On a ainsi créé un kit de démarrage qui prend la forme d’un livret de quatorze pages reprenant toutes les informations pertinentes pour nos producteurs. Dedans, il y a deux affiches au format A3 que nos producteurs peuvent mettre dans leur surface de vente et il y a des cartes de visite proposant de devenir ambassadeur de son producteur. Les producteurs les laissent dans le sac de leurs clients. Le client qui se rend chez son producteur doit prendre conscience qu’il peut aider ses voisins, sa famille et ses proches.”
Concrètement, comment fonctionne la livraison participative ?

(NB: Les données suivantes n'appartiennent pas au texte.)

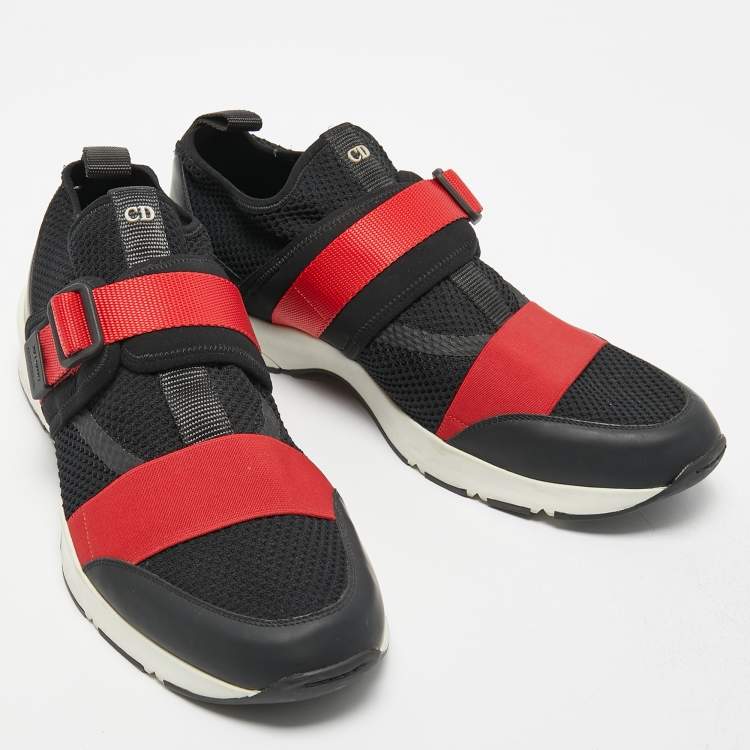 Pre Owned Dior Homme Black/Red Knit Fabric and Leather B21 Low Top Sneakers Size 46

K. P. : “Le consommateur doit pouvoir identifier, à proximité, des trajets qui lui permettent de commander des produits locaux. Sur Grinoloco, vous pouvez passer directement commande auprès d’un producteur avec l’option “Je vais chercher sur place”. On vous propose aussi, étant donné que vous êtes prêt à aller sur place, de transformer votre trajet en trajet pour la communauté. Le prochain usager à proximité de votre lieu de vie va alors voir apparaître le trajet. En cliquant sur le trajet, il va découvrir le producteur chez qui vous vous rendez et passer commande auprès de lui. Le client livreur (Locodriver) a donc un départ, une arrivée, une heure d’arrivée et un producteur auquel il se rattache. Quand il se rend chez le producteur, il récupère l’ensemble des commandes passées par tous ses voisins. Ce modèle permet ainsi au producteur et au consommateur d’avoir une multitude de points relais potentiels et d’optimiser chaque trajet, tout en réduisant les émissions de co2.
L’objectif est vraiment de recréer du lien social : samedi matin, je vais chez mon producteur, voici son lien Grinoloco, n’hésitez pas à passer commande et récupérer vos produits à la maison vers 11h. Je veux créer une mise en relation d’hyper-proximité. Par cette initiative, les consommateurs soutiennent leurs producteurs et proposent une alternative à leur entourage. En contrepartie, le livreur récupère 5 % du prix des commandes qu’il aura acheminé. Par exemple, pour 100€ de commande, il récupère 5€ qui resteront dans l’écosystème Grinoloco : ces euros gagnés seront transférés sur son portefeuille virtuel et pourront ensuite être déduits de sa commande personnelle. L’idée à terme est qu’il n’ait plus à acheter de produits et que ce soit quasiment offert.”
Avez-vous différents types d’engagement pour les producteurs qui souhaitent vous rejoindre ?
K. P. : “Nous avons trois offres :
- l’offre gratuite qui permet aux producteurs de se connecter, de créer un catalogue et d’être visibles. En revanche, cette offre ne permet pas de vendre sur la plateforme et de bénéficier de la livraison participative.
- l’offre variable qui permet de vendre leurs produits et de percevoir 80 % du chiffre d’affaires qu’ils auront fait sur Grinoloco, transférés dans un deuxième temps vers leur compte en banque. S’il n’y a aucune vente, il n’y a aucun frais. Il n’y a donc aucune prise de risque.
- l’offre fixe qui est un abonnement à 120€ par mois (60€ par mois la première année), avec les trois premiers mois offerts. Les producteurs peuvent alors profiter du service à volonté. Elle permet de passer de 80 % de marge à 91 % de marge en fonction du chiffre d’affaires réalisé.
Sur l’ensemble des services payants proposés, on est partenaires des producteurs : on les aide à communiquer, via des outils et des valorisations auprès de notre communauté, toujours dans l’idée d’être un facilitateur de développement local.”